ENTRIES SHOWN:
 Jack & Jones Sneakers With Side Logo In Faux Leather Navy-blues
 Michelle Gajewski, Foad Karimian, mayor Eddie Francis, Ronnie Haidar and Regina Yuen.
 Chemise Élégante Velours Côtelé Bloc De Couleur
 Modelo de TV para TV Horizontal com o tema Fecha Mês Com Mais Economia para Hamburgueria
==
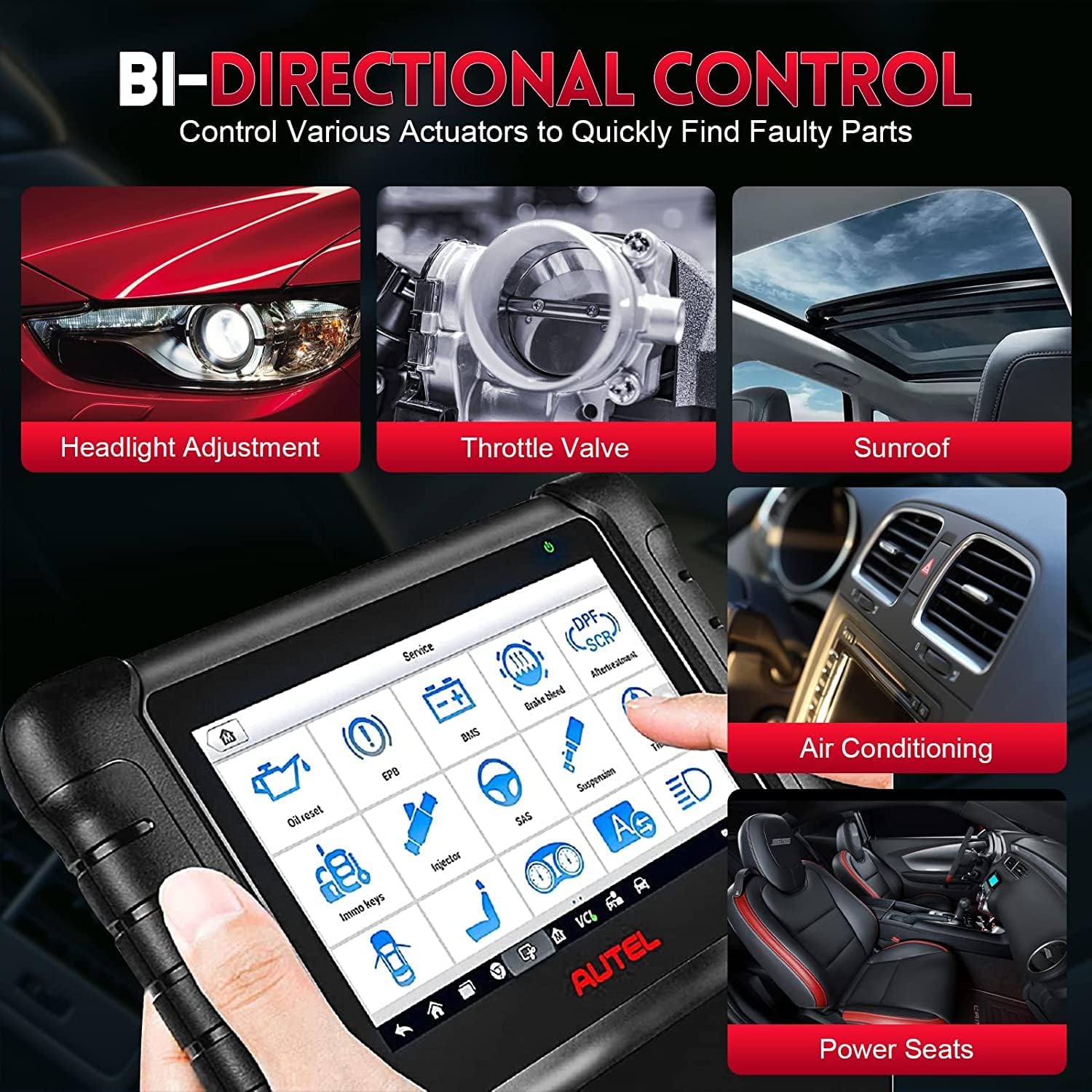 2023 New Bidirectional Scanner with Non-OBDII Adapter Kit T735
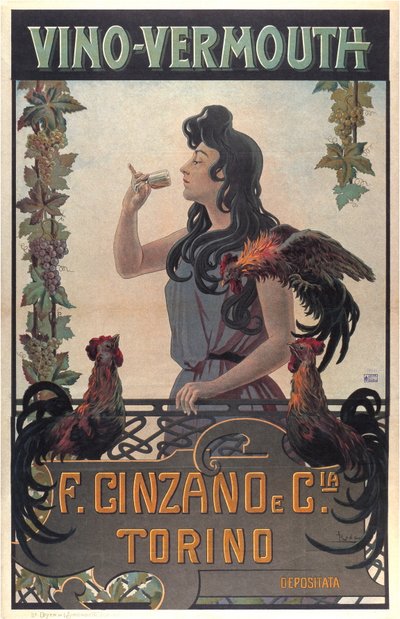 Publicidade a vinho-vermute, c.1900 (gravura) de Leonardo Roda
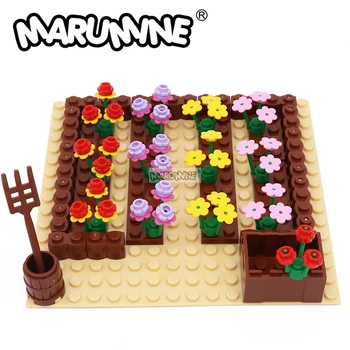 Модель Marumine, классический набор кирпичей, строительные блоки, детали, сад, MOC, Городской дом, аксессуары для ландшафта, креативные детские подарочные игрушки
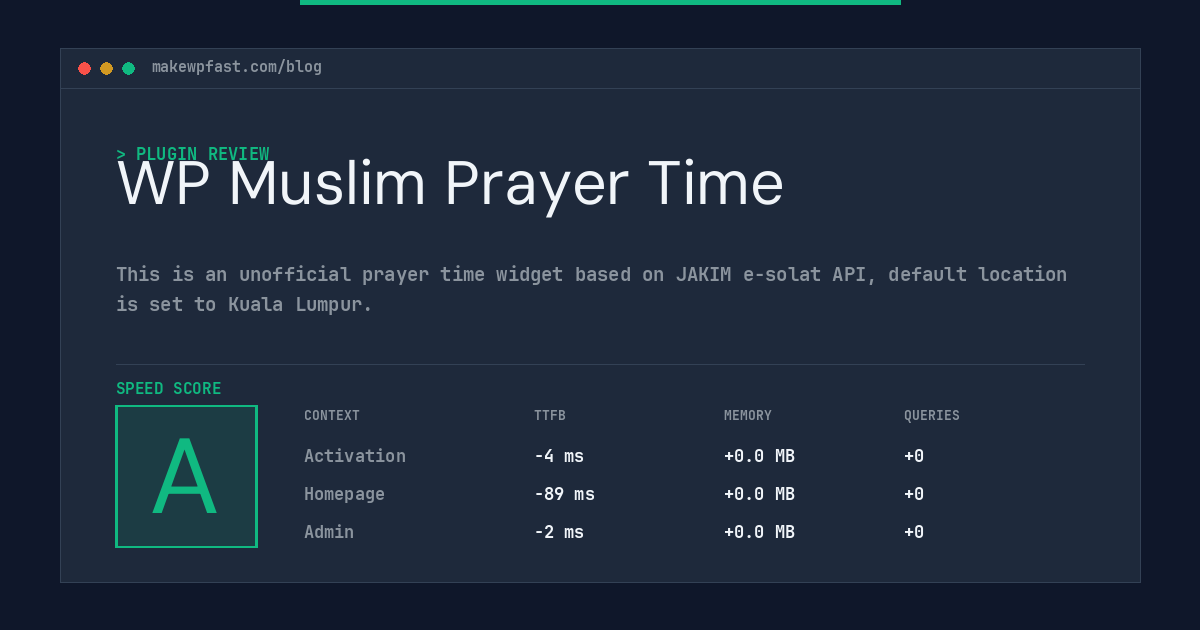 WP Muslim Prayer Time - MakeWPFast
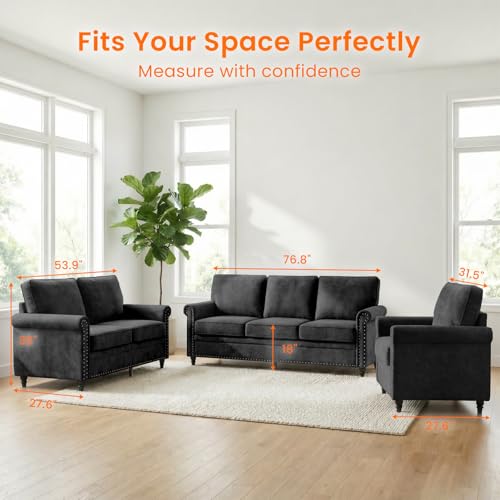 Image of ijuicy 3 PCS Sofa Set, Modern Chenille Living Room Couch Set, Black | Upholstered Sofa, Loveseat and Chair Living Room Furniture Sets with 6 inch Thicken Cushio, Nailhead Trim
...
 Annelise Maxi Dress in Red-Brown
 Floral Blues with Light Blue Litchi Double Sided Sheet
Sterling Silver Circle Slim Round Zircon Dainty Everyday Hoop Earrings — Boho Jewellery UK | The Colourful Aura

WORK TO COMPLETE: Give an exact copy of the lines above from the line with "Jack & Jones" up to and including the line with "Modelo de TV", and leave everything else out.

RESULT:
 Jack & Jones Sneakers With Side Logo In Faux Leather Navy-blues
 Michelle Gajewski, Foad Karimian, mayor Eddie Francis, Ronnie Haidar and Regina Yuen.
 Chemise Élégante Velours Côtelé Bloc De Couleur
 Modelo de TV para TV Horizontal com o tema Fecha Mês Com Mais Economia para Hamburgueria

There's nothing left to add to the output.